My infant son, Oliver, is soundly napping right now. He’s taking a nice, long nap, which is a rarity in our house. And, it’s making me question my decision to start taking him to daycare tomorrow.
You see, I have tried working from home for the last ten months and my work hours have been limited to nap-time or a few hours a week when the nanny comes. Of course, nap time always seems to happen when the nanny comes. So, that has cut into my work time too.
Our childcare arrangement seemed ideal because it would allow our family some flexibility. My husband, Matt, works in the Emergency Room and generally works 12-hour shifts. His days off are usually mid-week and a child in full-time daycare might not get to see him much.
However, nap times have gotten shorter and nanny availability varies with class schedules, illnesses and other life interruptions.

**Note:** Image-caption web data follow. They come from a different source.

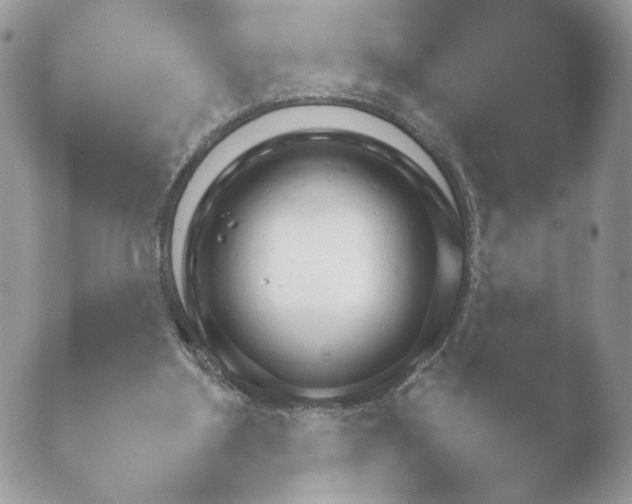 X0000052120107200507262101.png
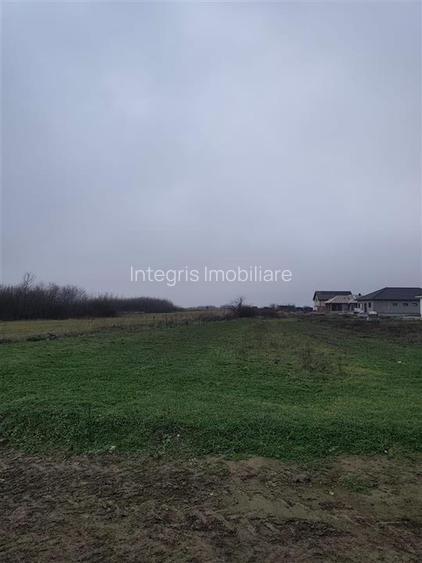 Teren intravilan in Cihei, cu PUZ aprobat, zona Fundatia Mihai Nesu - 2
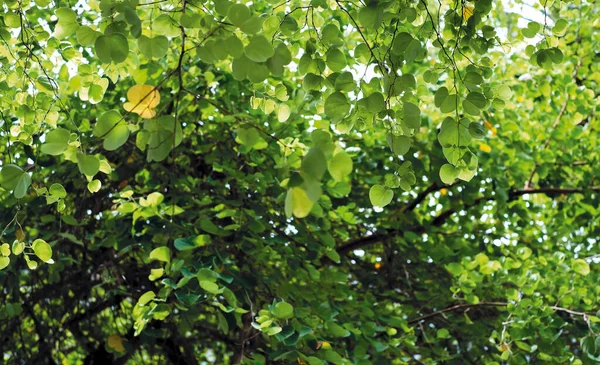 Bahçedeki Yeşil Yapraklar Arka Planda Chongkho Mor Orkide Ağacı — Stok fotoğraf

I have thought a lot about quitting my job to stay at home with Oliver. And, that option is still on the table, if I’m being totally honest. But, I love what I do. I love the stimulation and challenge that work provides almost as much as I love being a mom. I also think that our social, active and intelligent child needs more engagement than he will get with a playdate here and there.
Tomorrow Oliver will start going to daycare two days per week. It’s not much, but hopefully it gives him some socialization and stimulation that he cannot get at home. And, hopefully more stable child care will allow me to work more efficiently and be a less distracted mom.
I am both excited and nervous for my little guy. I wanted to be a mom so badly that I’m struggling with the idea that I might miss out on something. But, I think we are making the right choice for all of us.
It’s not like this is a new problem; many moms have dealt with these insecurities over many years, but that doesn’t minimize the challenge when it’s your own family. I am seeking comfort in the words of my husband – Oliver will still be home 5 days a week and if he doesn’t love daycare, all bets are off. 🙂
Please help me wish him luck in this new, grown up chapter!